Blogging Under the Influence and Other Bad Ideas
Roseanne Barr's "drunk" MySpace rant holds lessons for other celeb bloggers.
Aug. 8, 2007 — -- Some recent posts on actress Roseanne Barr's MySpace page created a minor stir in the world of celebrity gossip. While extolling the virtues of spam and cursing George Bush, the messages seemed to indicate that Barr was drunk out of her mind while writing them.
"i need to stop drinking, but i do not wish to ... i am in Hawaii on the beach drunk," read one message. Another said, "when you are old, you pee your pants more it seems."
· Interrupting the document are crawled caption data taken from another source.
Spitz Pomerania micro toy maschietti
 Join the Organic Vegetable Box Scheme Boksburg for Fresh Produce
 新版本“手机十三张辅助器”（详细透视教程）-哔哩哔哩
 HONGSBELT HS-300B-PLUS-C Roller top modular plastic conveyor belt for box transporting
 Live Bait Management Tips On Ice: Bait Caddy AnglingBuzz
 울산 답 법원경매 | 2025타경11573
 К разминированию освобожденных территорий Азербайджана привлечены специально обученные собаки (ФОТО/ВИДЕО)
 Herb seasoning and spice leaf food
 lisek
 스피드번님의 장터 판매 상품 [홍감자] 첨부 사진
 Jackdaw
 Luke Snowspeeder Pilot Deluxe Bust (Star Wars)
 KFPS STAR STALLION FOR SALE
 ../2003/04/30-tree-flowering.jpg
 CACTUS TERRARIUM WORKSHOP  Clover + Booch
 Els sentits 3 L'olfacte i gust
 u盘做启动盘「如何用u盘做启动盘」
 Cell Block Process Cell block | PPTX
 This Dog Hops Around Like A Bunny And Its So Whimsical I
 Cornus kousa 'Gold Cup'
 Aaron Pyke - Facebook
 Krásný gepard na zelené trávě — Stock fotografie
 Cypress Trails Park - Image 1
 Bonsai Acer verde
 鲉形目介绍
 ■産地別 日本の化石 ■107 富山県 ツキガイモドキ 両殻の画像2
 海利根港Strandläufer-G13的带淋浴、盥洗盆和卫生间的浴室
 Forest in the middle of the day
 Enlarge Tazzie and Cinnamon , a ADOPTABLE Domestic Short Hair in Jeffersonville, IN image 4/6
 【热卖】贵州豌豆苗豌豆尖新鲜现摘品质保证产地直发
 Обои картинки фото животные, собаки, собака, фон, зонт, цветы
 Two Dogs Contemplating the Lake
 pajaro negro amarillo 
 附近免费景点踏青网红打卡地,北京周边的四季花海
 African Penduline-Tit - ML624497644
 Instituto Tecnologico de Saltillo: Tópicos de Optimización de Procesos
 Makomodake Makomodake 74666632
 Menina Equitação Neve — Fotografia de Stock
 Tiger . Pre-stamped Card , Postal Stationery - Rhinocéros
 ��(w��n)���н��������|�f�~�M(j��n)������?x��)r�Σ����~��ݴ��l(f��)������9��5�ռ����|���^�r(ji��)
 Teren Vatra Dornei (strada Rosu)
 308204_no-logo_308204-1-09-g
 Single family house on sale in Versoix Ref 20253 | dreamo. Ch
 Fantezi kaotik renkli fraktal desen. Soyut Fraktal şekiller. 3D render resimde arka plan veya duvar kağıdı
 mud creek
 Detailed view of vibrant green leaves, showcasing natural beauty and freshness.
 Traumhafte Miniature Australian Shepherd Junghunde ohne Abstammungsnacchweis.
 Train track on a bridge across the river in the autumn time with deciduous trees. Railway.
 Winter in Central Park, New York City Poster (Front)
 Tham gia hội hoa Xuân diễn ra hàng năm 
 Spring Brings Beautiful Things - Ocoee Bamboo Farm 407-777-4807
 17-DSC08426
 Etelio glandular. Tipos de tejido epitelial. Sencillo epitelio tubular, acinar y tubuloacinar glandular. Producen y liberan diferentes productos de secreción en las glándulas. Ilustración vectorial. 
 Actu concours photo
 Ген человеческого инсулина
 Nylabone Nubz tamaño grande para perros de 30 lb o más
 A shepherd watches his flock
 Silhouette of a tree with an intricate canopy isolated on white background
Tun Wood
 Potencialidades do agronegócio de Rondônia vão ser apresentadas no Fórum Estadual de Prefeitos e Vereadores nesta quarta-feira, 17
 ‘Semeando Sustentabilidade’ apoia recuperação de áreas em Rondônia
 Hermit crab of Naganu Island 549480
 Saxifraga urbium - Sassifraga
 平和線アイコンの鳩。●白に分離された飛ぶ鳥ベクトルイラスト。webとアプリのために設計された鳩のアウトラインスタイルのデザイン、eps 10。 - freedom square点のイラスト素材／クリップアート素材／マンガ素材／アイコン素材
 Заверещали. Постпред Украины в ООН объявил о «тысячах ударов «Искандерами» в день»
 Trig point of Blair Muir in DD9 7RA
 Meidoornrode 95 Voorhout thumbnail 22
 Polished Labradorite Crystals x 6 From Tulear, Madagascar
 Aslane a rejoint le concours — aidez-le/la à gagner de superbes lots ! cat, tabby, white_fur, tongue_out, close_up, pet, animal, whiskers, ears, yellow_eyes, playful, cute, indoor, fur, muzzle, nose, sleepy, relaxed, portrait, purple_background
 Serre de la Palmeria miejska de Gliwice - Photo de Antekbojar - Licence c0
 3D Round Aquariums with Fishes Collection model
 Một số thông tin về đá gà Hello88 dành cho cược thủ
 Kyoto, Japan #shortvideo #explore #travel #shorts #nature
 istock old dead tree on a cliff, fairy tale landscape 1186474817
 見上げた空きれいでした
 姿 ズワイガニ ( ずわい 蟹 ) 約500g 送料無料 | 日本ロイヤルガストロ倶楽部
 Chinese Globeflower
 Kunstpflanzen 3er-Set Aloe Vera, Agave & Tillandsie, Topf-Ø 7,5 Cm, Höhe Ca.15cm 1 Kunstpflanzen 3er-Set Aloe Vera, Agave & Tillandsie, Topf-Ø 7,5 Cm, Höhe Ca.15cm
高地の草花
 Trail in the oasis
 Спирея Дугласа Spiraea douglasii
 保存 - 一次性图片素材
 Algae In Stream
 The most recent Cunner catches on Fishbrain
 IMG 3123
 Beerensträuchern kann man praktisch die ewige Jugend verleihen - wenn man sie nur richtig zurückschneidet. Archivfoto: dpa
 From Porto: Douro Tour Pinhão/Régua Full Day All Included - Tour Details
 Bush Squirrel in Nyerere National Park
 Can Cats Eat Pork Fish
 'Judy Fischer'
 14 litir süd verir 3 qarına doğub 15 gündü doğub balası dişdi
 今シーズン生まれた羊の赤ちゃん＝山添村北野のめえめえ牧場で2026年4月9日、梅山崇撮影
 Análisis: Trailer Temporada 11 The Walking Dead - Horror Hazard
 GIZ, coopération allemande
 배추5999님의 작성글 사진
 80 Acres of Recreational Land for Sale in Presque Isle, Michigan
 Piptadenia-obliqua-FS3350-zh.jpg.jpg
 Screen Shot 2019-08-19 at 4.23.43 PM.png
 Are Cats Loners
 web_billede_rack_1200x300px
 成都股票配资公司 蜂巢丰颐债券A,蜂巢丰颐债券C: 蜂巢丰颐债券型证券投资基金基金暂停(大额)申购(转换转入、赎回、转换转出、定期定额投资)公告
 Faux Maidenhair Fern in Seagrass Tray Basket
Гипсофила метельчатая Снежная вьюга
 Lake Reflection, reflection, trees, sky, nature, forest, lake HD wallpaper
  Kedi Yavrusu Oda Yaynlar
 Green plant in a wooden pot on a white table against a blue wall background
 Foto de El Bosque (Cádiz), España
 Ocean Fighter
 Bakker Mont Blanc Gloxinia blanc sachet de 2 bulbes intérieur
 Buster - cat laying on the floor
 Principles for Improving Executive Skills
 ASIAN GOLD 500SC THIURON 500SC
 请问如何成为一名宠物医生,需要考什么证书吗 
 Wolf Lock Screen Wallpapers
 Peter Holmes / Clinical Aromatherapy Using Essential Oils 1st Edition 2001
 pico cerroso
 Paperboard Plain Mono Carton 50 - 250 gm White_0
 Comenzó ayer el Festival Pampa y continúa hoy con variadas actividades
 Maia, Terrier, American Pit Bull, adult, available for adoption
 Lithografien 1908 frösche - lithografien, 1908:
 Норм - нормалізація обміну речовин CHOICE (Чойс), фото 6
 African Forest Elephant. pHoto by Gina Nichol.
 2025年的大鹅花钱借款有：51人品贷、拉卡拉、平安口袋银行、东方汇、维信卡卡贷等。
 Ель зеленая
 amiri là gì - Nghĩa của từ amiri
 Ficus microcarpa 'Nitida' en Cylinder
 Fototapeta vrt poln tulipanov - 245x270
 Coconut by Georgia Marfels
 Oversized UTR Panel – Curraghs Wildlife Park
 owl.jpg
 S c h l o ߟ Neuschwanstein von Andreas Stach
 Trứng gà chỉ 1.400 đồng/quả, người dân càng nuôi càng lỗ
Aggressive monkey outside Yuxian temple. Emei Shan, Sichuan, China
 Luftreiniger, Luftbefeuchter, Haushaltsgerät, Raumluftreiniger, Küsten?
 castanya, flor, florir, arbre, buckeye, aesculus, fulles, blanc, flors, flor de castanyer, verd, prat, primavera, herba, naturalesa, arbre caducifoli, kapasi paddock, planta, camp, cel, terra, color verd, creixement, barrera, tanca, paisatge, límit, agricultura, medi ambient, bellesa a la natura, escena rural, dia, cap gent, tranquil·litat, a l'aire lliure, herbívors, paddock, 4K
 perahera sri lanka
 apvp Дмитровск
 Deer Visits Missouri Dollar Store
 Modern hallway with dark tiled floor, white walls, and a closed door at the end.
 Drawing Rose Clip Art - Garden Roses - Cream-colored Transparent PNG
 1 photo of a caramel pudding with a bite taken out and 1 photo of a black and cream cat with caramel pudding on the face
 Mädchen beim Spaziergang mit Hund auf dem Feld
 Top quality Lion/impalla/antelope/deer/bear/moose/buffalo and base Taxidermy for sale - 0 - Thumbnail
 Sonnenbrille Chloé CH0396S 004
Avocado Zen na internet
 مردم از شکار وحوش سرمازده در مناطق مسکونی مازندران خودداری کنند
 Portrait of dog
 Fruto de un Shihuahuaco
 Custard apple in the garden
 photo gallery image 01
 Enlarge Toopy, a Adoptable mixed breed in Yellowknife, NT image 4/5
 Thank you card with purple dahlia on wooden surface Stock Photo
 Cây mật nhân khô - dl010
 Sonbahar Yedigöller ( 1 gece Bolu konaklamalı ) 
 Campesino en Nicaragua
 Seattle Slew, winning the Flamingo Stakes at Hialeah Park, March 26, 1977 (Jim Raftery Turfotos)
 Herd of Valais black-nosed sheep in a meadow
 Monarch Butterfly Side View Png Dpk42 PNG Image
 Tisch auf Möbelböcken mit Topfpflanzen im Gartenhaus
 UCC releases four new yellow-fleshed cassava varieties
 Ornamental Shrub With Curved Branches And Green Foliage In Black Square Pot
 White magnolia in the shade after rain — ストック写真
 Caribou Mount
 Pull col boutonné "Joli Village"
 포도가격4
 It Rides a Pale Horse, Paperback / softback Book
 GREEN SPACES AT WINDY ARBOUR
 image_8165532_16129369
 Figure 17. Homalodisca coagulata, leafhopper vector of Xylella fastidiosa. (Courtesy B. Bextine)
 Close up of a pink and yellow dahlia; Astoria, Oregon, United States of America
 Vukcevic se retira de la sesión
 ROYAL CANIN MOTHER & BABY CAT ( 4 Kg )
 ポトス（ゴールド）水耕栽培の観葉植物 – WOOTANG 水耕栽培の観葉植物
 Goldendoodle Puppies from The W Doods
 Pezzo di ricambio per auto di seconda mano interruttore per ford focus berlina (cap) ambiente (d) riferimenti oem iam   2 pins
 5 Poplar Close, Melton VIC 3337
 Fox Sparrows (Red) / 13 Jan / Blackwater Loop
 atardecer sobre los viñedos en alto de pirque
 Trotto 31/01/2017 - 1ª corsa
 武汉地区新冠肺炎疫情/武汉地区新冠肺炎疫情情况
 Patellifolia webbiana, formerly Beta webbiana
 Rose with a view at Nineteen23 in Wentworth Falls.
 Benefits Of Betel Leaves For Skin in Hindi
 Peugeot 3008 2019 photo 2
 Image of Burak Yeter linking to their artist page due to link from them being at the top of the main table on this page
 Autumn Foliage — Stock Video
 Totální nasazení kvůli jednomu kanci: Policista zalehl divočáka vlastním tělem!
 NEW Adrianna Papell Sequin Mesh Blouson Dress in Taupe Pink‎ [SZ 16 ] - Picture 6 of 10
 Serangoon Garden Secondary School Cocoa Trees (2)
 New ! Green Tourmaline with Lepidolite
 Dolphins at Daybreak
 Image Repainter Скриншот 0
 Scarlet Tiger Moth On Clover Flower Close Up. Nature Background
It appeared to be an open-and-shut case of BUI (blogging under the influence), but now Barr has posted a message on her official Web site (www.roseanneworld.com) denying that she wrote those MySpace rants. Instead, she says an intern, who has since been fired, hacked into her MySpace page to post them.
And in a bizarre follow-up message on her Web site, Barr claimed the same intern has also stolen a sex tape from her, and she is willing to pay $25,000 for its return. "Unless someone would like to distribute it — then I am willing to deal," she added.
Barr also said that celebrity blogger Perez Hilton knows who took the sex tape — an allegation he denied.
"I think she's being funny," Hilton said. "I hope there's no sex tape! Or maybe I do, I don't know."
Hilton finds the whole intern story suspicious. "Does Roseanne even have an intern?" he said. "I mean, who interns for Roseanne?"
An e-mail message to Barr's Web site was not returned.
Whatever the truth, Barr's online messages highlight both the dangers of blogging under the influence and the complicated world of celebrity blogs.
Mark Twain said to "write when drunk, but edit while sober."
On the Internet, editing can seem like a quaint relic of the past.
And it doesn't help that blogging under the influence is so darn easy. You can do it anywhere, anytime — at home, alone in your underwear, clutching a bottle of vodka.
Lowered inhibitions, plus an inflated sense of importance, usually equals terrible and embarrassing prose.